Mustafa Al-Aasar è un ricercatore del ‘Regional Center for Human Rights and Fredooms’, dove si occupa in particolare di libertà di stampa, mentre Hassan Al-Banna, suo coinquilino, lavora da poco come correttore di bozze per il quotidiano ‘Al-Shourouk’. “Pochi giorni prima, le forze di sicurezza egiziane avevano telefonato al fratello di Mustafa: ‘Digli di smetterla con i suoi post su Facebook‘ avevano detto” racconta Miriam, un nome di fantasia il suo, per ragioni di sicurezza: “Poi sono spariti nel nulla, forse mentre uscivano insieme per andare a lavoro”.

L’altro ieri il fratello di Hassan, il giornalista Abdelrahman Fares, ha scritto su Facebook: “Li abbiamo cercati senza sosta nelle stazioni di polizia e negli ospedali con l’aiuto di tanti amici, ma non c’è traccia di dove siano”. Poi, analizzando i tabulati che era riuscito a ottenere da contatti privati, Abdelrahman ha scoperto che “l’ultimo luogo dove i loro segnali telefonici sono stati identificati era nel Central Security Camp di Giza”. Il campo è conosciuto, osserva Miriam: “Si trova a nord del Cairo sull’autostrada Cairo-Alessandria ed è il luogo da cui i detenuti politici vengono trasferiti ad altre sedi”.


E infatti poco dopo arriva il trasferimento, ma anche stavolta è solo grazie ai contatti informali di Abdelrahman che si riesce a conoscere il luogo della loro detenzione: “Sono stati trasferiti nell’infame quartier generale della Sicurezza di Stato a Sheikh Zayed” scrive in un post il giornalista nel pomeriggio di ieri: “In quanto familiari di Hassan, confermiamo che lui e il suo amico Mustafa sono vittime di sparizione forzata”. 

Il luogo dove si trovano detenuti Hassan e Mustafa è noto, secondo fonti della Dire al Cairo, per le torture e gli abusi che vi si compiono. E Abdelrahman scrive: “Abbiamo paura che Hassan e Mustafa possano essere torturati. Consideriamo che il presidente egiziano, il governo egiziano, il ministro dell’Interno e l’agenzia per la sicurezza statale siano tutte pienamente responsabili per la sicurezza e l’integrità fisica e psicologica di mio fratello e del suo amico”.
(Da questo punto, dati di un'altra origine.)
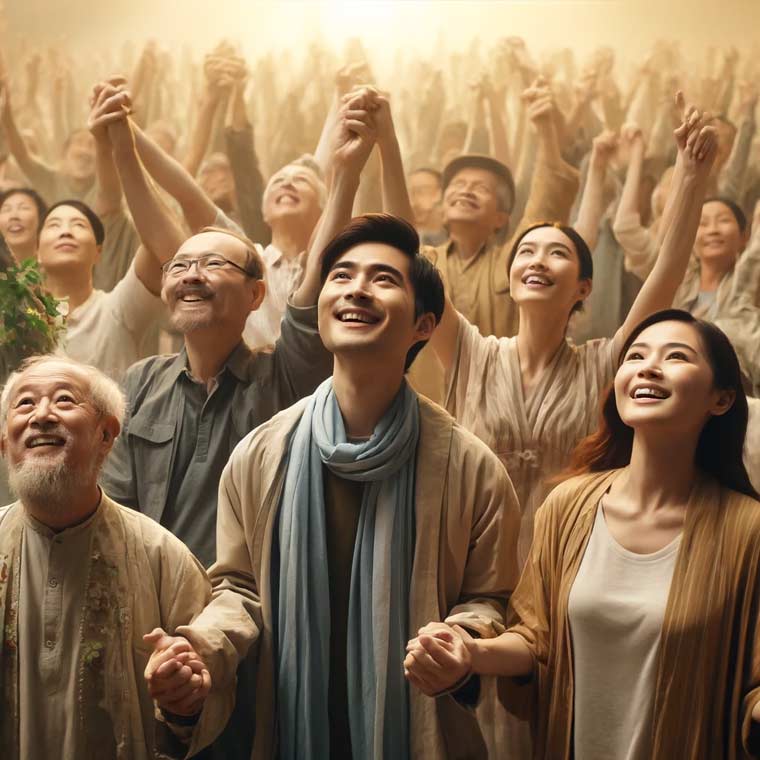 많은 사람들이 손에 손을 잡고 떠오르는 해를 바라보고 있다.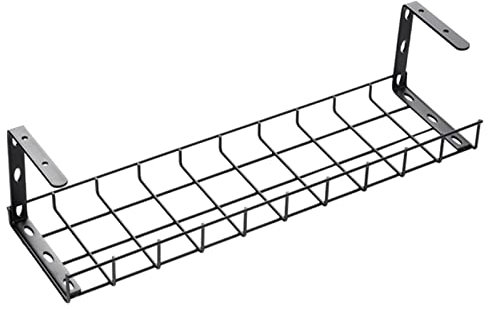Kabelkanal Kabelschlauch Kabelmanagement Kabelführungsfach unter dem Schreibtisch, Kein Bohrer Klein Schwerlaststahl Organizer für Schreibtischkabel, Office Home Wire Protector Rack, Schwarz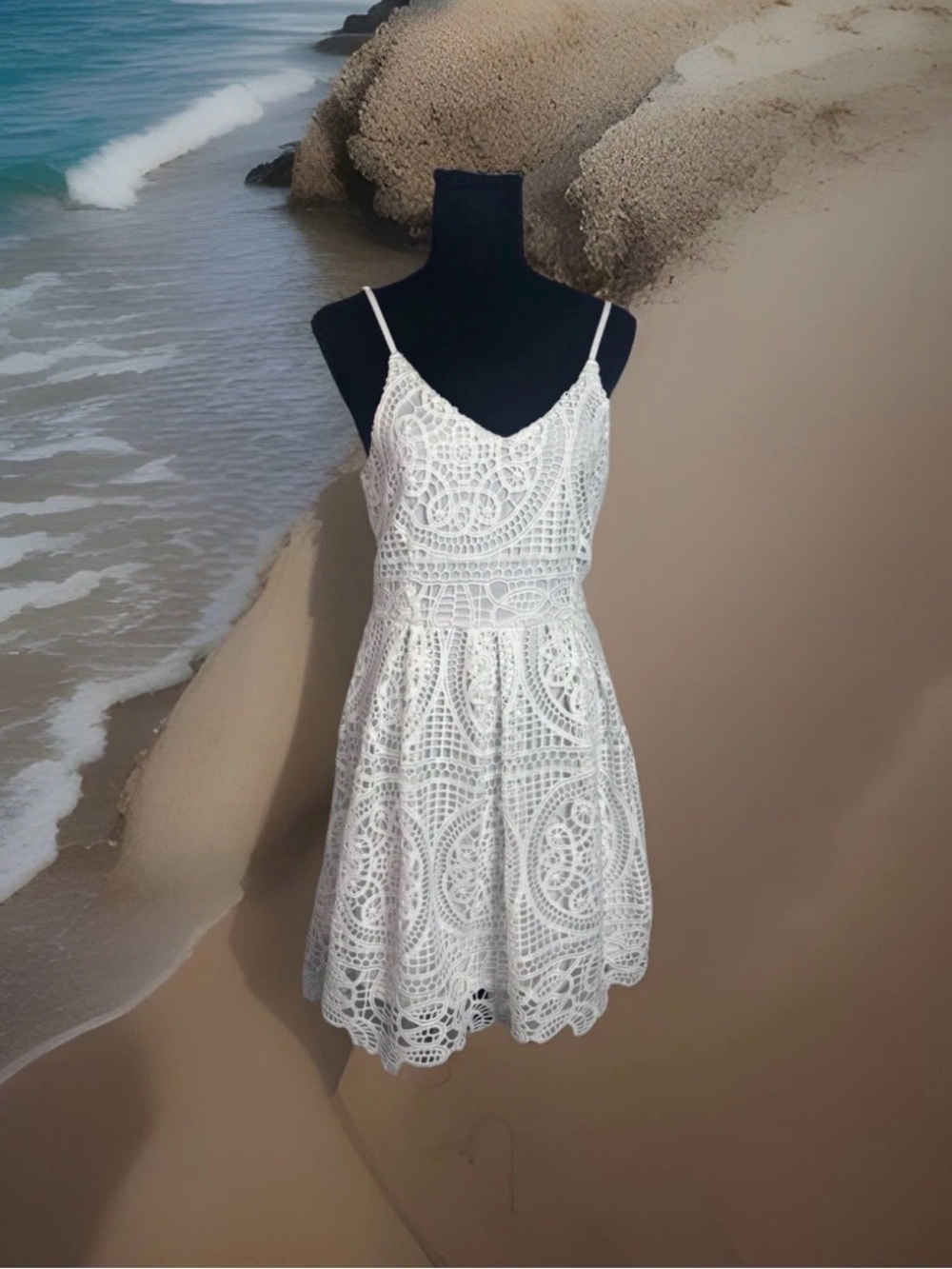 Rebellion White Crochet Lace Boho Dress Medium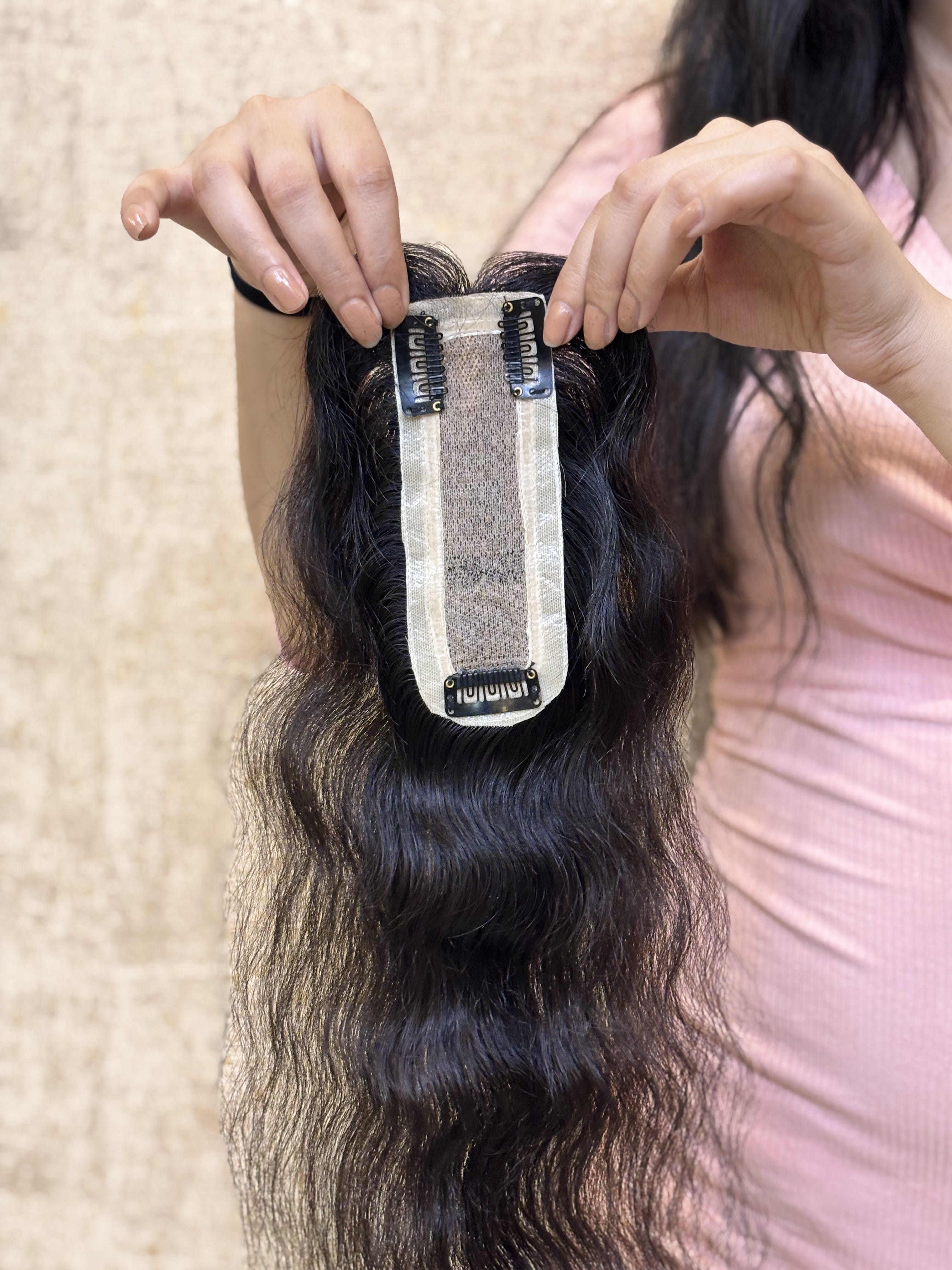 Hair Extensions Luxe Hair Loss Solution Hair Patch for Bald Spots | Silk Base | Natural Black | Straight | Remy Hair India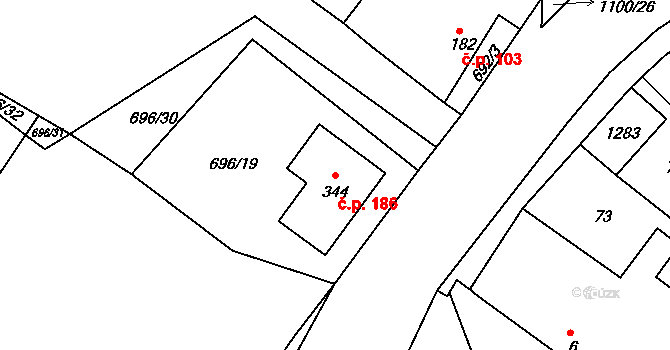 Jestřabí Lhota 186 na parcele st. 344 v KÚ Jestřabí Lhota, Katastrální mapa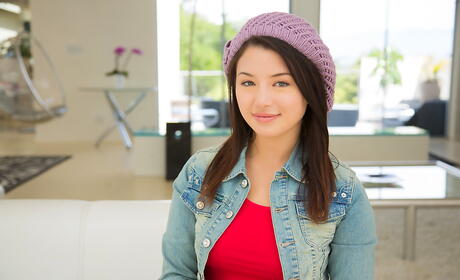 Slender oriental young Daisy Summers shows her ass in hot undies and spreading her legs 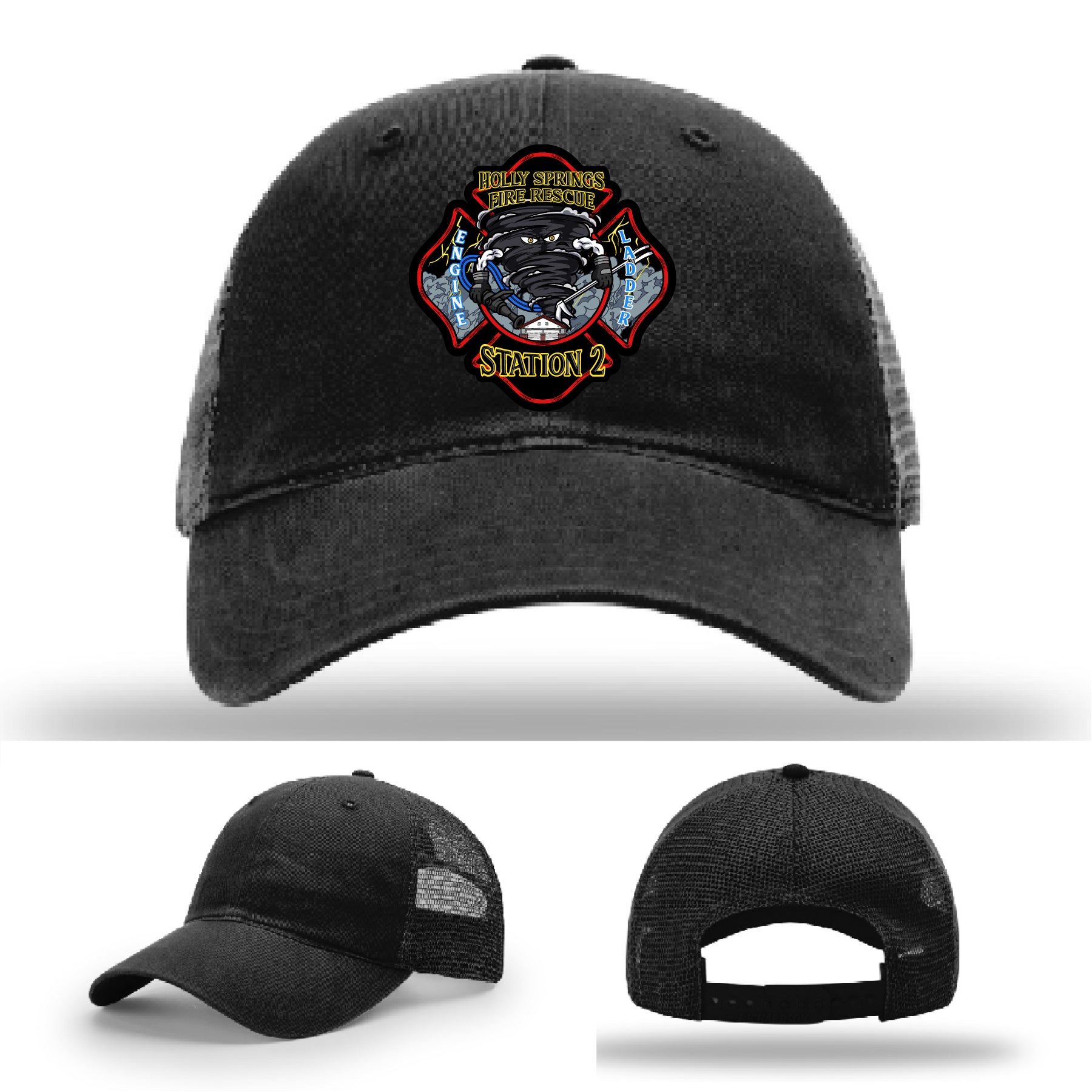 Holly Springs Station 2 firefighter pride hat with leather patch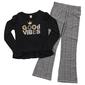Girls &#40;7-12&#41; Sweet Butterfly Plaid Flare Leggings Set - Black - image 1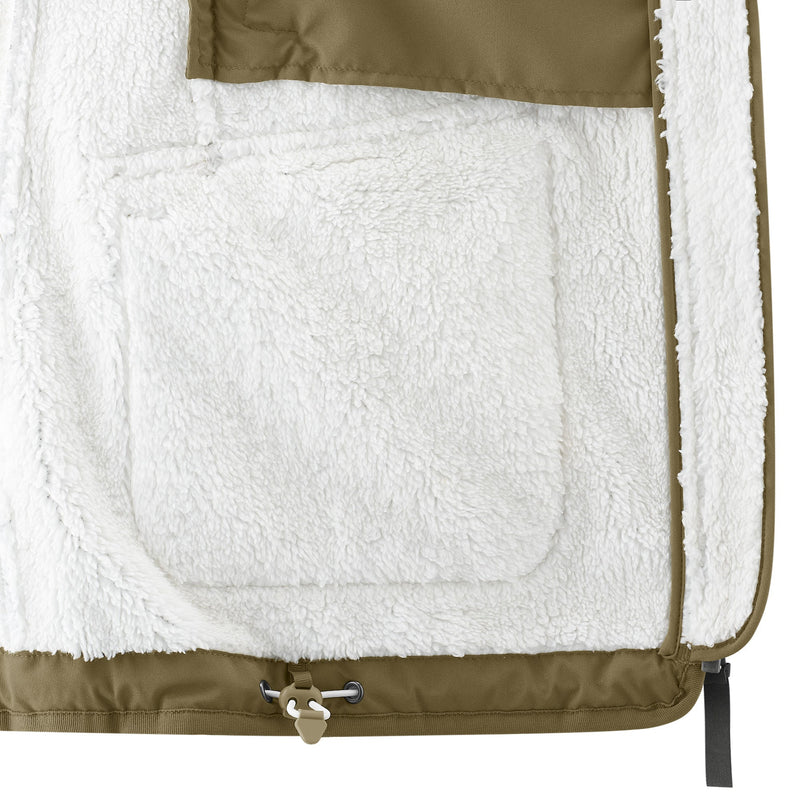 SANDRA. Kuschelige Allwetter Softshell Tragejacke - in Khaki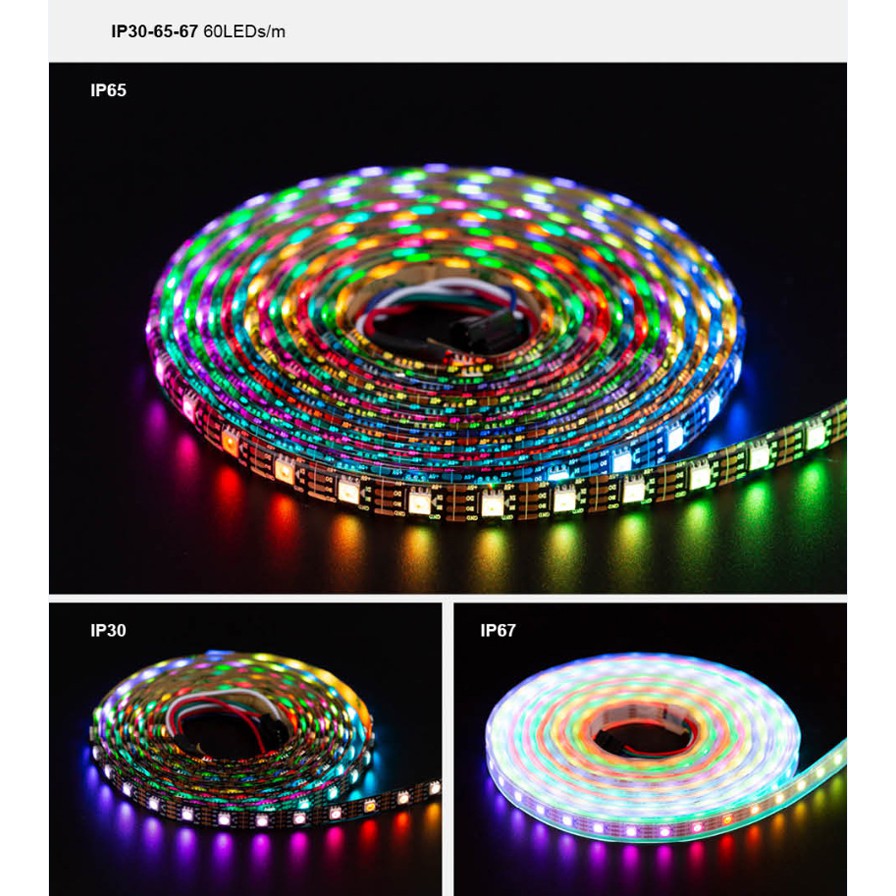 Cuộn Dây Đèn LED Trang Trí 1-5m DC5V WS2812B 60 pixels/leds/m WS2812 IC Thông Minh 5050 RGB + Điều Khiển LED | BigBuy360 - bigbuy360.vn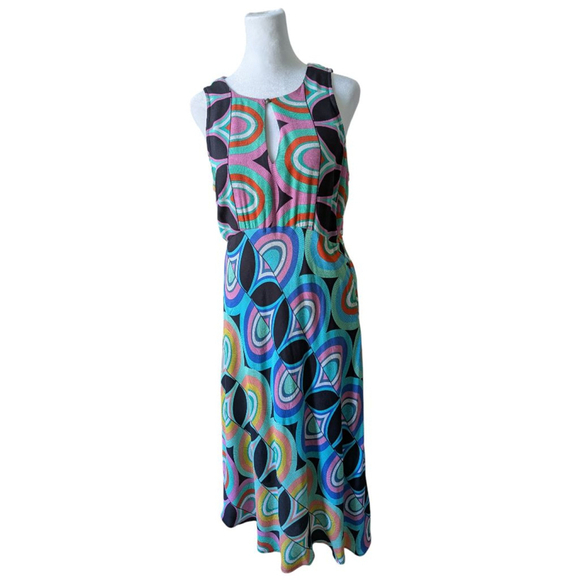 Anthropologie Kenzie Asymmetrical Retro Mod Art Deco Midi Dress Size 8 - Picture 2 of 11
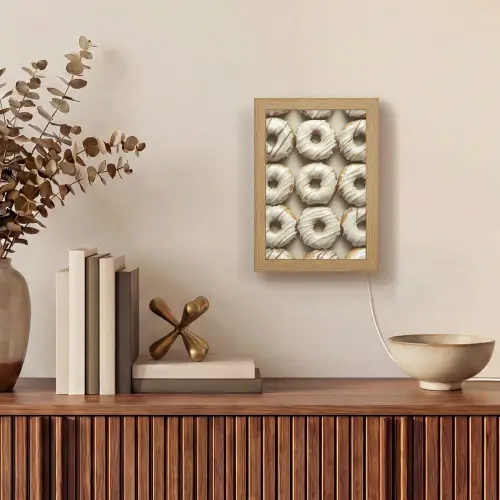 Donuts - Chocolade - Wit - Beige Light Box met kabel (Tafellamp) klein -sfeer2
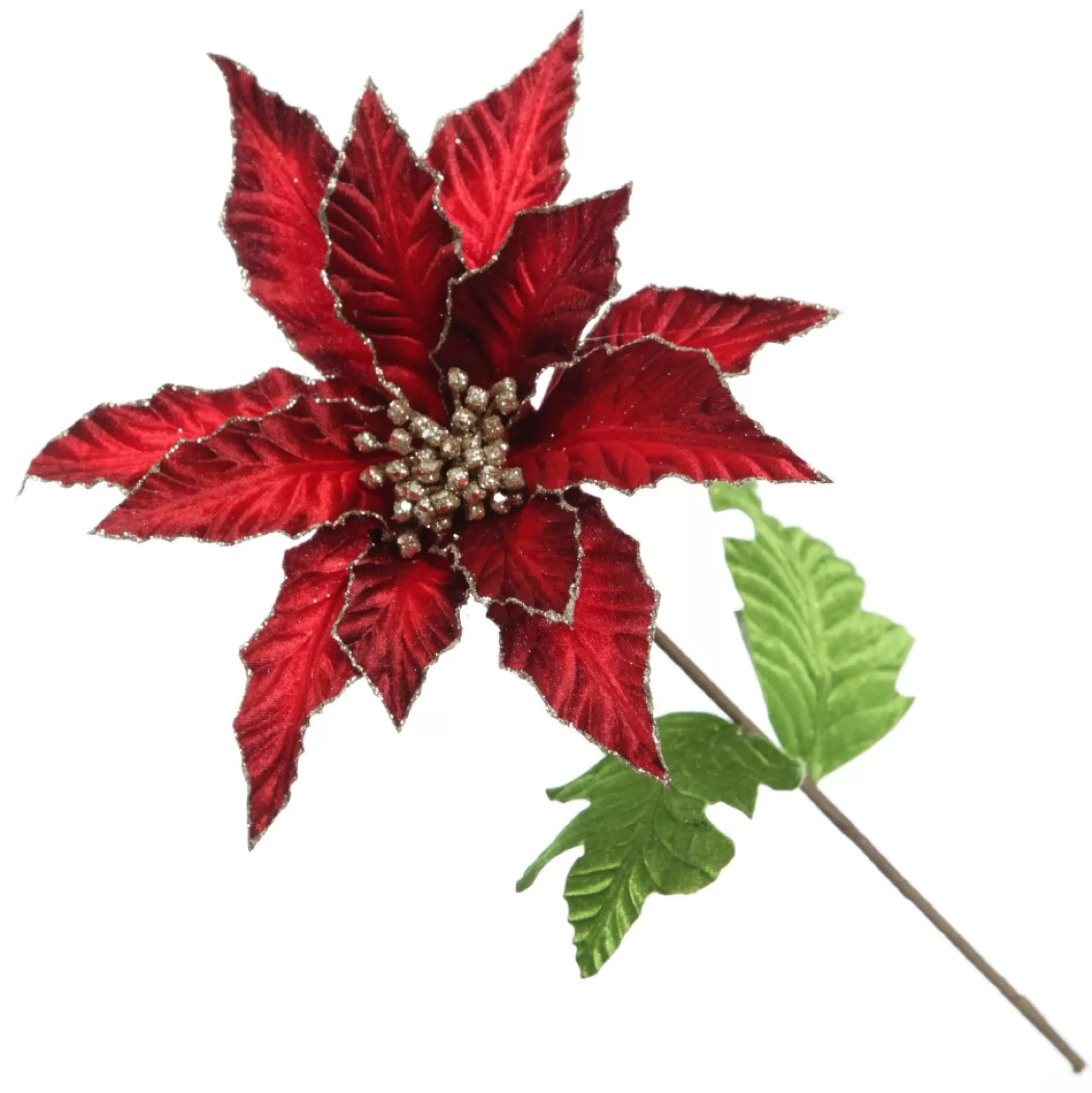 Burgundy Velvet Poinesttia Flower Stem with Gold Glitter Christmas Flowers |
I due ragazzi sono scomparsi il 3 febbraio, esattamente due anni dopo il ritrovamento del corpo di Giulio Regeni. Come per il ricercatore friulano, il tam-tam sui social network è partito prima delle campagne di stampa: “#Hassan_fin?“, “#Mustafa_fin?” (“Dov’è Hassan?”, “Dov’è Mustafa?”) scrivono su Facebook e Twitter i loro amici, alcuni dei quali, due anni fa, avevano scritto anche “#Giulio_fin?”.

Sotto il regime di Abdel Fattah Al-Sisi, denunciava pochi mesi fa l’ong Human Rights Watch, è in corso “la peggiore crisi dei diritti umani degli ultimi decenni”: le vittime di sparizione forzata si contano ormai a migliaia, mentre il network arabo per i Diritti umani parlava, già nel 2016, di 60 mila detenuti politici su un totale di circa 106 mila prigionieri.